YOUR TASK
Retype the lines below exactly, but only those from the line that has "Neon mor arka" through the line that has "Start-up team people". Omit every picture.

PROVIDED DATA
[Start of section]
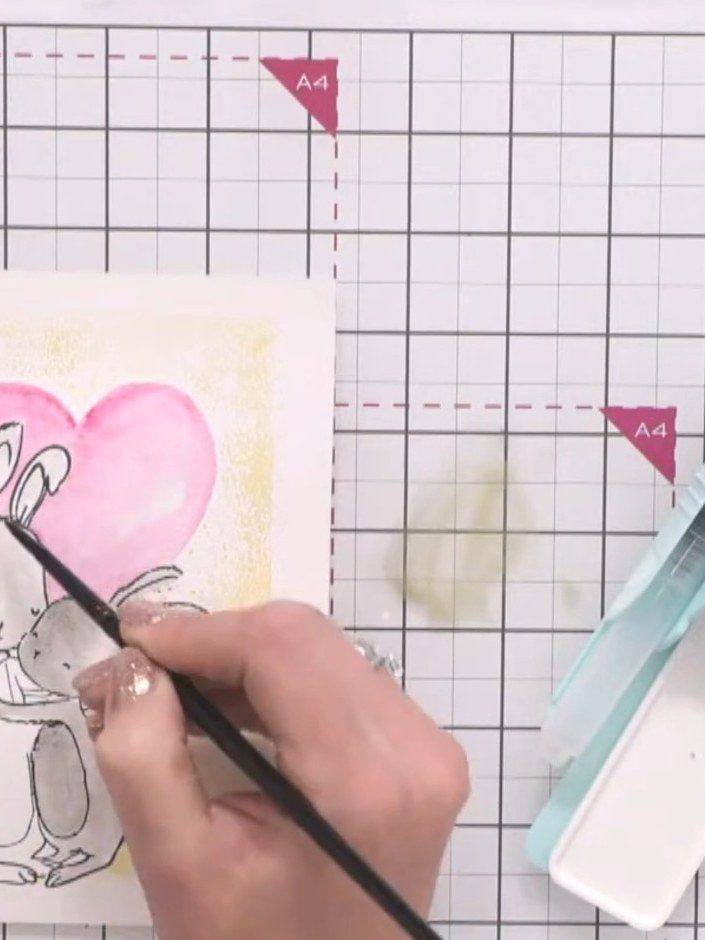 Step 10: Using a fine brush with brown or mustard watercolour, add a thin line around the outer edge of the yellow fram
[End of section]
[Start of section]
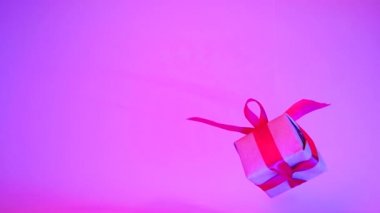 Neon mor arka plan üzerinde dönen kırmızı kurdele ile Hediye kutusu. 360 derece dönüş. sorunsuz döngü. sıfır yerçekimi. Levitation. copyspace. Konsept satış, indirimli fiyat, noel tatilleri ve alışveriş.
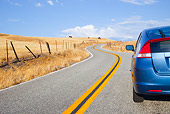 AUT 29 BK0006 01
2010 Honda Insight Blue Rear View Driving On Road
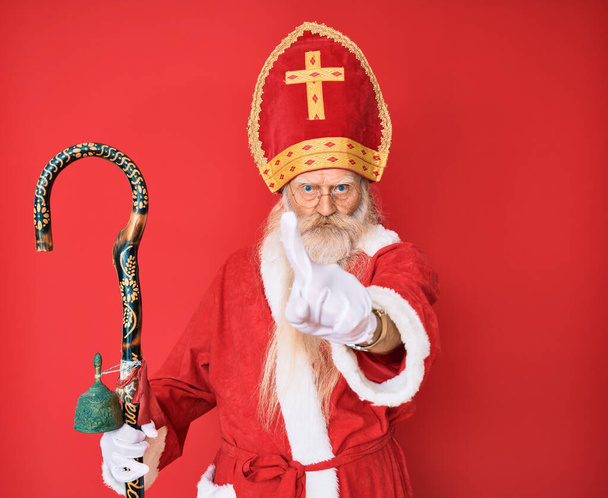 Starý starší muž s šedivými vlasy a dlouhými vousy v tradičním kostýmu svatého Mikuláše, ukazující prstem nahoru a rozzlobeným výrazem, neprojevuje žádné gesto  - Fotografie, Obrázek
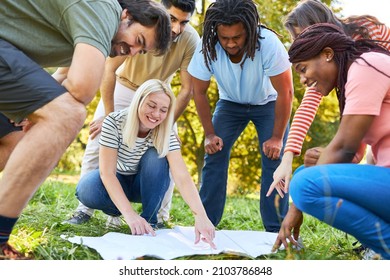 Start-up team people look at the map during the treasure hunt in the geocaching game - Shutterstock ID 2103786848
[End of section]
WORKED SOLUTION
 Neon mor arka plan üzerinde dönen kırmızı kurdele ile Hediye kutusu. 360 derece dönüş. sorunsuz döngü. sıfır yerçekimi. Levitation. copyspace. Konsept satış, indirimli fiyat, noel tatilleri ve alışveriş.
 AUT 29 BK0006 01
2010 Honda Insight Blue Rear View Driving On Road
 Starý starší muž s šedivými vlasy a dlouhými vousy v tradičním kostýmu svatého Mikuláše, ukazující prstem nahoru a rozzlobeným výrazem, neprojevuje žádné gesto  - Fotografie, Obrázek
 Start-up team people look at the map during the treasure hunt in the geocaching game - Shutterstock ID 2103786848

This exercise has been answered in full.